The following sections will

define Bloch vectors and introduce their geometric interpretation,
relate Bloch vectors to the density matrix representation,
derive the Optical Bloch Equations in Bloch-vector form, and
use this framework to describe phenomena such as Rabi oscillations, relaxation, and dephasing in terms of simple rotations and contractions of a vector in \(\mathbb{R}^3\).

1. Definition of Bloch Vectors

Before deriving the Bloch equations in their vector form, we first introduce the Bloch vector itself. The goal is to rewrite the quantum state of a two-level system—whether pure or mixed—in terms of three real numbers that capture its coherence and population imbalance. This geometric representation will allow us to interpret quantum dynamics as trajectories on (or inside) a sphere, providing intuition that is often hidden in the complex amplitudes or density matrix elements.

We begin by considering the case of a pure state, where the Bloch vector has unit length and lies on the surface of the Bloch sphere.

1.1 Bloch vectors for pure states

Consider a coherent superposition of the excited and ground states, \[ \left\lvert \psi \right\rangle= C_e \left\lvert e \right\rangle+ C_g \left\lvert g \right\rangle, \] with normalization \(|C_e|^2 + |C_g|^2 = 1\).

Any pure state of a two-level system can be parameterized using two angles \(\vartheta\) and \(\varphi\) as \[ \left\lvert \psi \right\rangle= \begin{pmatrix} C_e \\ C_g \end{pmatrix} = \begin{pmatrix} \cos\!\left(\frac{\vartheta}{2}\right) \\ e^{i\varphi}\sin\!\left(\frac{\vartheta}{2}\right) \end{pmatrix}, \qquad 0 \le \vartheta \le \pi,\quad 0 \le \varphi < 2\pi, \] where the amplitude \(C_e\) has been chosen real without loss of generality. Thus, every pure state corresponds uniquely to a point on the unit sphere parameterized by polar angle \(\vartheta\) and azimuthal angle \(\varphi\).

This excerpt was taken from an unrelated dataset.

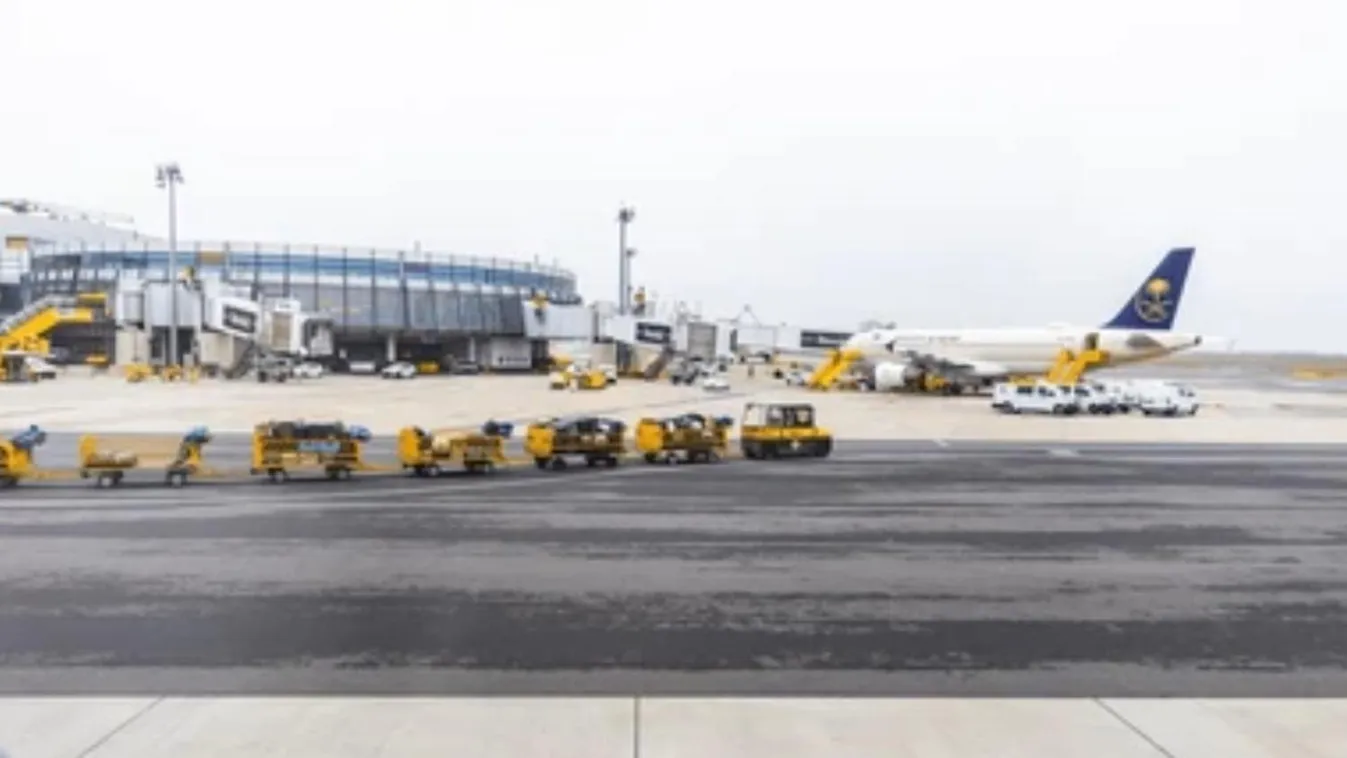 Repülőtereket zártak be és járatokat töröltek Európa szerte a jegesedés miatt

These angles define the Bloch vector \[ \vec{b} = \begin{pmatrix} u \\ v \\ w \end{pmatrix} = \begin{pmatrix} \cos\varphi \sin\vartheta \\ \sin\varphi \sin\vartheta \\ \cos\vartheta \end{pmatrix}, \tag{1}\] a vector of unit length whose direction encodes the state of the system. The north pole (\(w = +1\)) corresponds to the excited state, the south pole (\(w = -1\)) to the ground state, and points on the equator correspond to equal-weight superpositions. The longitudinal component \(w = \cos\vartheta\) equals the inversion of the system, while the azimuthal angle \(\varphi\) represents the relative phase between \(C_e\) and \(C_g\).

Code

import numpy as np
import matplotlib.pyplot as plt
from qutip import Bloch
from mpl_toolkits.mplot3d import Axes3D

# --- Set up plot styling ---
plt.rcParams['text.usetex'] = True
plt.rcParams['font.family'] = 'serif'
plt.rcParams['font.size'] = 14


# IMPORTANT: QuTiP's Bloch sphere has a 90-degree rotation in the xy-plane
# compared to standard physics convention!
# 
# Standard physics: phi=0 points along +x axis
# QuTiP Bloch:      phi=0 points along +y axis (rotated 90° counterclockwise)
#
# To add vectors to QuTiP Bloch: use phi_qutip = phi_standard + pi/2
# To plot on matplotlib axes:    use phi_standard

# Create figure with three subplots
fig = plt.figure(figsize=(8, 3))

# ===== Left Sphere: Vector pointing up =====
ax1 = fig.add_subplot(131, projection='3d')
b1 = Bloch(axes=ax1)
b1.add_vectors([0, 0, 1])  # Vector pointing up (|0⟩ state)
b1.vector_color = ['red']
b1.vector_width = 3
b1.xlabel = [r'$u$', '']  # Positive and negative x-axis labels
b1.ylabel = [r'$v$', '']  
b1.zlabel = [r'$w$', '']  # Using 'w' to match your image
b1.render()

# ===== Middle Sphere: Vector pointing down =====
ax2 = fig.add_subplot(132, projection='3d')
b2 = Bloch(axes=ax2)
b2.add_vectors([0, 0, -1])  # Vector pointing down (|1⟩ state)
b2.vector_color = ['red']
b2.vector_width = 3
b2.xlabel = [r'$u$', '']  # Positive and negative x-axis labels
b2.ylabel = [r'$v$', '']  
b2.zlabel = [r'$w$', '']  # Using 'w' to match your image
b2.render()

# ===== Right Sphere: Vector with angles θ and φ =====
ax3 = fig.add_subplot(133, projection='3d')
b3 = Bloch(axes=ax3)

# Define angles in STANDARD spherical coordinates
theta = np.pi / 4  # 45 degrees from z-axis
phi = np.pi / 6    # 30 degrees from x-axis (standard convention)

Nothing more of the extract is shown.